The advent of non-equilibrium growth techniques which are capable of sub- nanometer compositional control has enabled materials physicists to produce artificially structured semiconductors with new physical properties. Superlattices, quantum wells, and resonant tunnelling structures exemplify the new class of nano-structured materials which has impacted science and technology in the last decade.

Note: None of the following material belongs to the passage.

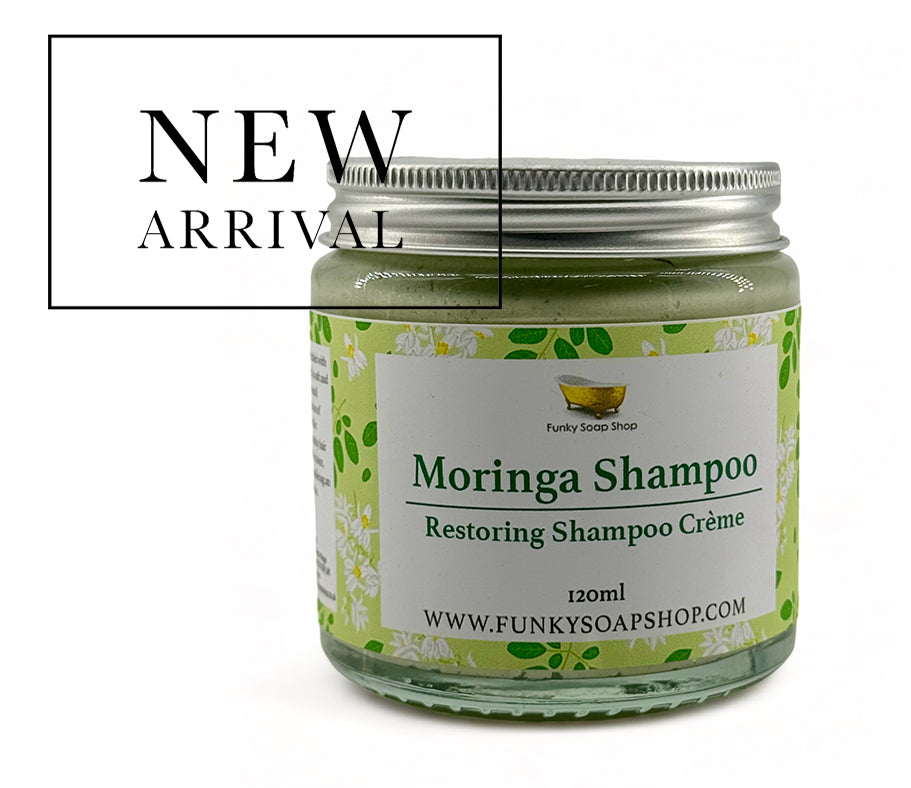 Moringa Shampoo, Restoring Shampoo Creme, 120ml - Funky Soap Shop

Peter Sercel's research is directed at extending the ability to structure materials with nanometer precision from one dimension, characteristic of conventional techniques such as molecular beam epitaxy (MBE), to three dimensions. This capability will enable experimental realization of quantum dots, model structures which behave as three dimensional quantum wells. The interaction of the electronic wavefunction with the boundary of such a structure causes the energy levels to be quantized; the energy level structure of a quantum dot is more akin to that of an atom than a bulk semiconductor. In particular, the optical transition oscillator strength is condensed in to a series of discrete lines. l Arrays of quantum dots embedded in a semiconductor matrix of larger band-gap thus represent an entirely new class of material characterized by extremely narrow linear absorption and gain spectra and enhanced optical non-linearities.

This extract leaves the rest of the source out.